The bulk of this paper is devoted to studying exactly when and how this can happen on a wide variety of different DRAM modules from different vendors. Important takeaways include: All vendors have affected products. Higher-capacity chips are more vulnerable, and newer chips are more vulnerable—both of these are because the bit-cells in those chips are smaller and packed closer together. The most common error-correcting code used for DRAM is inadequate to protect against or even detect the attack, because it can only correct one-bit errors and detect two-bit errors within any 64-bit word, but under the attack, several nearby bits often flip at the same time. (You should still make a point of buying error-correcting RAM, plus a motherboard and CPU that actually take advantage of it. One-bit errors are the normal case and they can happen as frequently as once a day. See Updates on the need to use error-correcting memory for more information.)

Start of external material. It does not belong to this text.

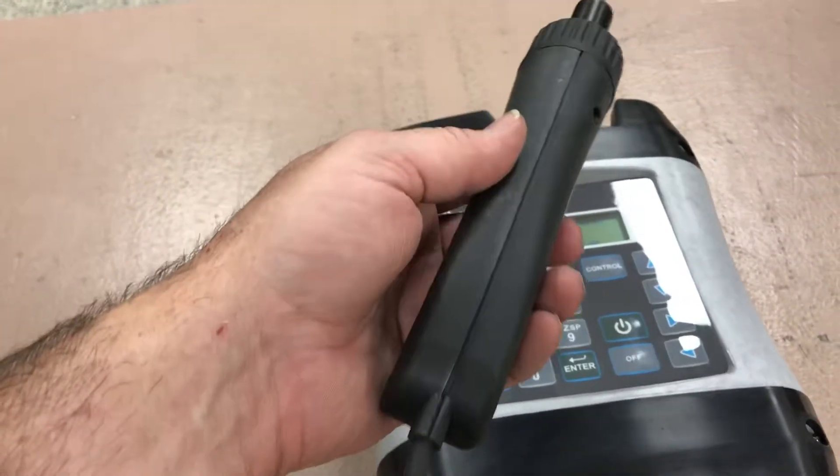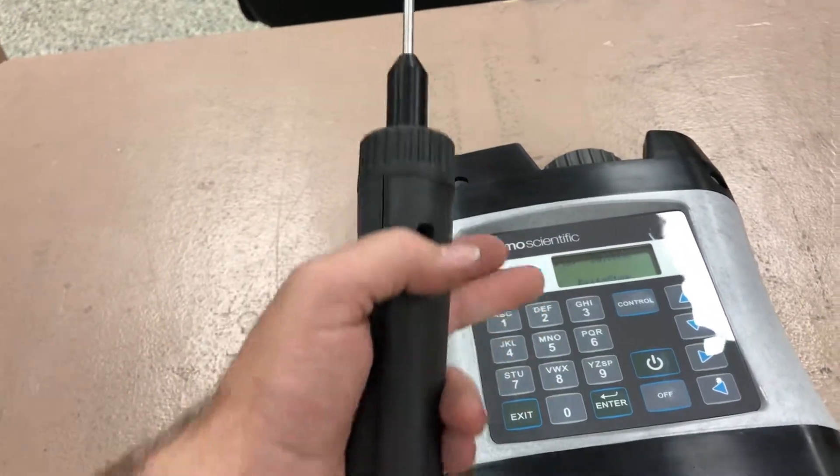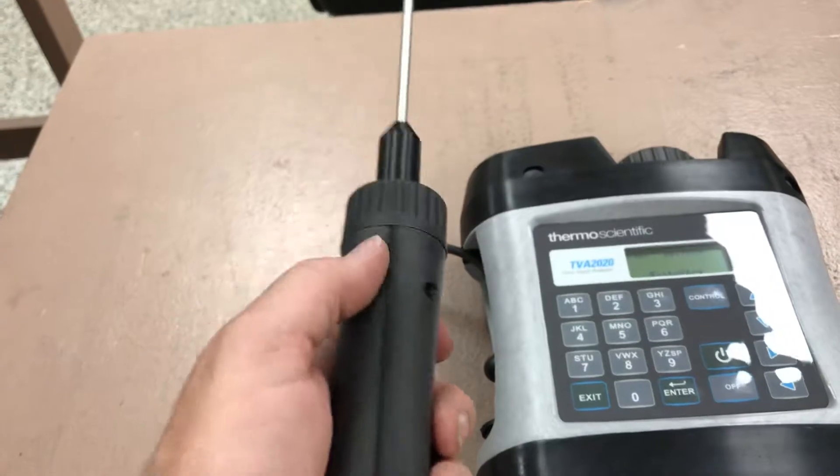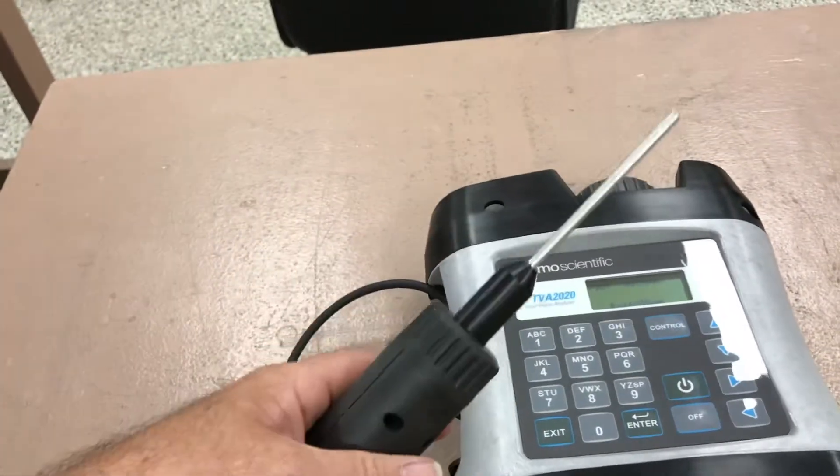This is the sample probe — just a very basic tube. There's an option for an enhanced sample probe, which includes a remote display so you can see the numbers on a handheld as well as on the main screen. This option is just a simple straight sample tube.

Fortunately, the authors also present a simple fix: the memory controller should automatically refresh nearby rows with some low, fixed probability whenever a row is loaded. This will have no visible effect in normal operation, but if a row is being hammered, nearby rows will get refreshed sufficiently more often that bit flips will not happen. It’s not clear to anyone whether this has actually been implemented in the latest motherboards, vendors being infamously closemouthed about how their low-level hardware actually works. However, several of the authors here work for Intel, and I’d expect them to take the problem seriously, at least.